Reno co-stars with Klein, X-Men's Rebecca Romijn-Stamos and LL Cool J in the remake of Norman Jewison's 1975 SF movie of the same name. Reno said he was attracted to the SF film (about a shadowy league of motorcycle-riding skaters) by the chance to work with the Die Hard director, whom he described as a "very good director, very good guy."

Primary filming on Rollerball has been completed, but the tentative August release date could be pushed back by the impending writer's union strike.
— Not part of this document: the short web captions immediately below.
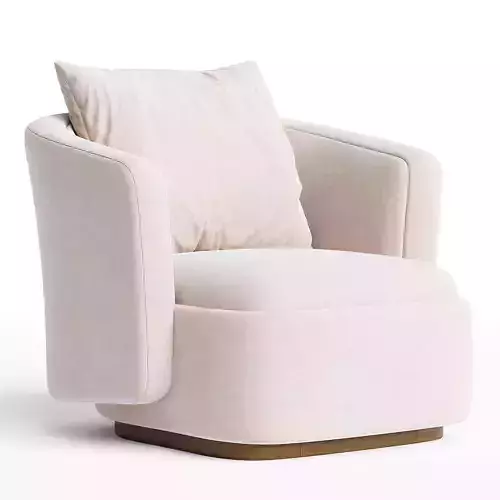 CASPIA ARM CHAIR Low-poly 3D model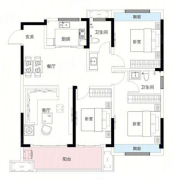 建投漆园悦府户型图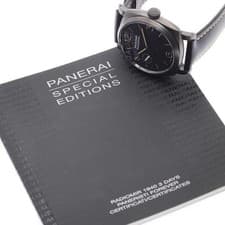 PANERAI RADIO MIR 1940 PAM00532 47mm SS/DLC Black Dial Hand-Wind Small #C025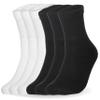 Special Essentials 6 Pairs Cotton Diabetic Ankle Socks - Non-Binding With Extra Wide Top For Men and Women Black and White 9-11 view 1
http://uk.imdb.com/Title?0246894

Credited cast overview: 
Chris Klein ....  Jonathan Cross  
Jean Reno ....  Alexi Petrovich  
LL Cool J ....  Marcus Ridley  
Rebecca Romijn-Stamos ....  Aurora


----------



## Dave (Jun 15, 2001)

*Jewison Blasts New Rollerball*

Norman Jewison, who directed 1975's cult SF movie Rollerball, told the New York Post that John McTiernan's upcoming remake glorifies violence, which he satirized in the original. "They sent me a script to see if I was interested in directing," Jewison told the newspaper. "But I passed on it, because it was clear they were embracing the violence, which I used in the original to comment on the activities of multinational corporations."

Jewison added, "They've invited me to a screening, but I'm not sure I even want to see it." The remake stars Chris Klein and takes place in the near future, where the organizers of a violent arena sport use deaths to boost TV ratings, the Post reported. The new Rollerball opens August 17th. 2001


----------



## Koala (Oct 6, 2001)

*Induvidual vs "the Corporation"*

A good movie as long as you aren't expecting a lot of special effects.  With how special fx were done when this movie was made be glad they left them out.  It makes it so that the movie is still good today.
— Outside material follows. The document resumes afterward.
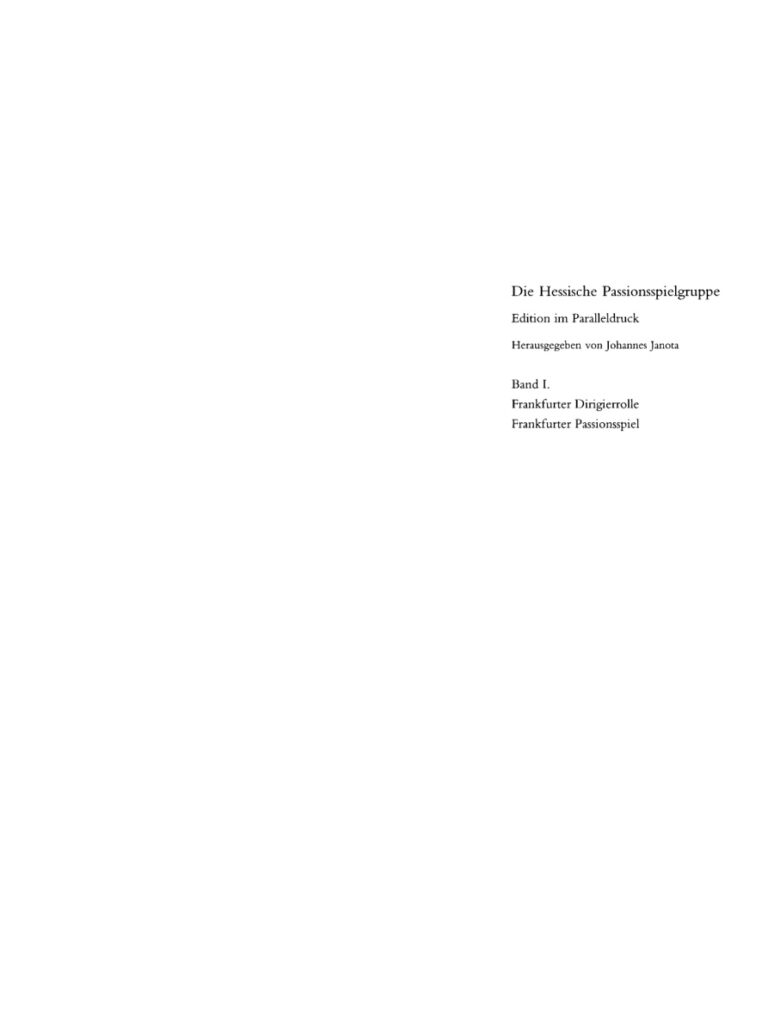 Die Hessische Passionsspielgruppe German Edition Johannes Janota Kitap Kapağı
Primarily a social commentary : individual refusing to conform and knuckle under to the rich guys (the "Corporation.")  Somewhat typical for the time it was made.  Acted well by key characters.  Well done scenics and support facilities.
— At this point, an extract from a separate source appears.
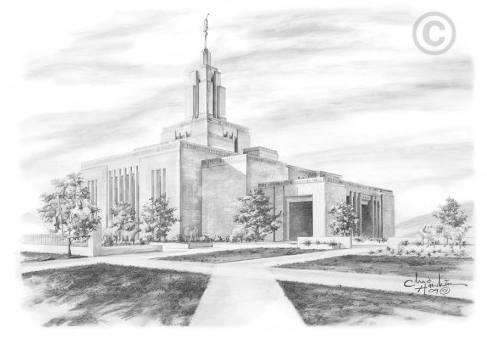 Draper Temple Sketch, , large image number 0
Lots of action.   (How can you have Roller Derby on skates and motorcycles with spiked gloves and a metal ball shot out of a cannon and not have action?)

As a social commentary of the individual refusing to surrender his soul for "the good of the Corporation" it makes a series of powerful statments.  A solid caste and acting, as well as the plot and dialog, keep this social commentary from becoming over powering and keeps it a good viewing.  Have seen too many others where everything else (plot, dialog, action, cinematogrphy, etc) are sacrificed or ignored for the "message" to get across.


----------



## Dave (Jan 29, 2002)

Rollerball Ads Challenged 

Universal is protesting MGM's advertising for the upcoming Rollerball movie, which MGM touts as coming from the "filmmakers that brought you The Fast and the Furious and Die Hard," according to The Hollywood Reporter. In particular, Universal takes issue with the Furious claim.

John Pogue, one of the two credited writers on Rollerball, was an uncredited writer on Universal's Furious, for which he received an executive producer credit, the trade paper reported. Neither Furious producer Neal H. Moritz nor director Rob Cohen had anything to do with Rollerball. In high-level discussions between Universal and MGM last week, MGM refused to back off its advertising, the trade paper reported. Universal is currently exploring its legal options. Rollerball opens Feb. 8. 2002.


----------



## Dave (Jan 29, 2002)

*Re: Induvidual vs "the Corporation"*



> _Originally posted by Koala _
> *Primarily a social commentary : individual refusing to conform and knuckle under to the rich guys (the "Corporation.")  Somewhat typical for the time it was made.  Acted well by key characters.  Well done scenics and support facilities.
> *



I would disagree! If it were 'primarily a social commentary' and they had further explored this theme, then I think it would have been a much better film. The future that it predicted is even closer today due to globalisation.

Instead, I think that the film spends too much time on the Rollerball game, without adequate explanation of the rules, so it is a great spectacle, but totally confusing, and in the end, rather boring (you know that he won't die!).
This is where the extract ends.